With respect to defendant Divinia Acayan, plaintiff alleges as follows: Recently, On 2/16/03 (Complaint filed) I was told by Nurse (DIVINIA) Not licensed that I had to have a T.B. shot. I asked her to look in my Medical Records, because I had just had one. She came back (2) two day's later and said she did not have to look at my records and that if I didn't take the shot I would have to be forced and taken to the hole...

Am. Compl. at 4 (verbatim transcription).

In his opposition to defendants' motion for summary judgment, plaintiff clarifies that he believes his Fourteenth Amendment rights were violated by defendant Acayan because she unnecessarily exposed him to tuberculosis by performing a tuberculosis test on plaintiff despite his informing her he had had a tuberculosis test shortly before his arrival at the San Joaquin County Jail. Opp'n at 16. Defendants do not present any evidence suggesting plaintiff did not tell defendant Acayan he had recently had a tuberculosis test at a different institution or that repeated tuberculosis testing exposes the person being tested to tuberculosis. Thus, there is evidence before the court that defendant Acayan's testing of plaintiff for tuberculosis was excessive in relation to a legitimate non-punitive purpose. Plaintiff has presented facts upon which a finding of a denial of plaintiff's Fourteenth Amendment rights could be based.

Defendants, however, are correct that defendant Acayan is entitled to immunity from plaintiff's claim. No federal law decided at the time of plaintiff's interaction with defendant Acayan put Acayan on notice that by administering a tuberculosis test to plaintiff shortly after his arrival at the San Joaquin County Jail, after having been informed by plaintiff that he had had a tuberculosis test shortly before his arrival, she would be violating his Fourteenth Amendment rights and subjecting him to punitive conditions of confinement. Cf. Washington v. Cambra, No. C 95-3216 THE, Slip Op. at 4 (N.D. Cal. August 27, 1996) (TB test conducted twelve weeks after previous test did not violate Fourteenth Amendment). For this reason, the court will recommend that defendant Acayan be granted summary judgment with respect to plaintiff's Fourteenth Amendment claim against her.


1. Defendants' motion for summary judgment (#46) be granted and denied as follows:

A. Denied with respect to defendants' motion regarding plaintiff's claims against defendant Franks;

B. Granted with respect to plaintiff's claims against defendant Dunn, resulting in defendant Dunn being dismissed from this action; and C. Granted with respect to plaintiff's claims against defendant Acayan, resulting in defendant Acayan being dismissed from this action.

2. Plaintiff be ordered to file his pretrial statement within twenty days of any adoption of these findings and recommendations, and defendant Franks be ordered to file his pretrial statement within twenty days of service of plaintiff's statement.
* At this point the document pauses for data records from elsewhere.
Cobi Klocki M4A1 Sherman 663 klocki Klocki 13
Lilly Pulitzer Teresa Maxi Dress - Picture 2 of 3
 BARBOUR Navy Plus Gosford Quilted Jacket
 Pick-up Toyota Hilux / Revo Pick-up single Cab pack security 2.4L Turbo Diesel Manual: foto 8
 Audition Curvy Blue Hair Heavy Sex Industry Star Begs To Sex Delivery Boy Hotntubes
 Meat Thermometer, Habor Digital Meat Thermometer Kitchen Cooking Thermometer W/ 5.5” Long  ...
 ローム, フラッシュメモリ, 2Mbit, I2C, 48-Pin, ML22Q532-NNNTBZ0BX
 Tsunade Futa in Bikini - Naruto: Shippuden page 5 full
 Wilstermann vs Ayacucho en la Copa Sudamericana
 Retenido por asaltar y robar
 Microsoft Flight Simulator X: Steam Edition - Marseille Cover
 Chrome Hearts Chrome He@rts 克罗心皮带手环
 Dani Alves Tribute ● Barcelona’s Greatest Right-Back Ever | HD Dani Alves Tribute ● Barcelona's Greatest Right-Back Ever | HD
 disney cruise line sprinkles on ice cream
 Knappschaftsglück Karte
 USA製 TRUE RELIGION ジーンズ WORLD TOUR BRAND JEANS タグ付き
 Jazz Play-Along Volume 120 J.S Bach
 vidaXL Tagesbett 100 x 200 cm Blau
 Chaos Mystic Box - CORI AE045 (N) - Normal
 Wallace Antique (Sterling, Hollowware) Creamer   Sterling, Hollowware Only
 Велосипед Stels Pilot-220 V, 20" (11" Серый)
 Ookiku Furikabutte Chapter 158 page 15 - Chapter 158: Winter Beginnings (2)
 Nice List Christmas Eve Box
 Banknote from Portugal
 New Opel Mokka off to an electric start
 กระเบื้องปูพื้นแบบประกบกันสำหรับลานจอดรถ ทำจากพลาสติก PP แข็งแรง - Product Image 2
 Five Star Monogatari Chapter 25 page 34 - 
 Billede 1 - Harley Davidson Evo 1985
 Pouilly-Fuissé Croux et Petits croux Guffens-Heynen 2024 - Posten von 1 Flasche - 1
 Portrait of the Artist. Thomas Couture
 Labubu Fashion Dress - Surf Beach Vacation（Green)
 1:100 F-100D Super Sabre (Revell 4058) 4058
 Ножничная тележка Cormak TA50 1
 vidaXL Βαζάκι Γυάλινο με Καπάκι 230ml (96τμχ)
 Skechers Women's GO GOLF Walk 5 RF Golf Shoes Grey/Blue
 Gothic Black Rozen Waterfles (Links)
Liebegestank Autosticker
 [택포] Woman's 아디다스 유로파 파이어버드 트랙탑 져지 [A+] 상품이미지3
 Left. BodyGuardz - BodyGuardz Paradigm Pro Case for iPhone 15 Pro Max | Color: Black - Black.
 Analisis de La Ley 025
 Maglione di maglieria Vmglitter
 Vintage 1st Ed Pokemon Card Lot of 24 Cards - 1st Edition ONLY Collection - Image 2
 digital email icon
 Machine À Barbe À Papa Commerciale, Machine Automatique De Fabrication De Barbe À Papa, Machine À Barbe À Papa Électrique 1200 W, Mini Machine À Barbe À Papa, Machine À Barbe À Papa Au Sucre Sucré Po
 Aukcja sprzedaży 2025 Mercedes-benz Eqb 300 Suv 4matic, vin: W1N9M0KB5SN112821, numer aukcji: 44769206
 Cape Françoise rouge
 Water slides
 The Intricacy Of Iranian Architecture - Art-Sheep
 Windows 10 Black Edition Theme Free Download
These findings and recommendations are submitted to the United States District Judge assigned to the case, pursuant to the provisions of 28 U.S.C. § 636(b)(l). Within twenty days after being served with these findings and recommendations, any party may file written objections with the court and serve a copy on all parties. Such a document should be captioned "Objections to Magistrate Judge's Findings and Recommendations." Any reply to the objections shall be served and filed within ten days after service of the objections. The parties are advised that failure to file objections within the specified time may waive the right to appeal the District Court's order. Martinez v. Ylst, 951 F.2d 1153 (9th Cir. 1991).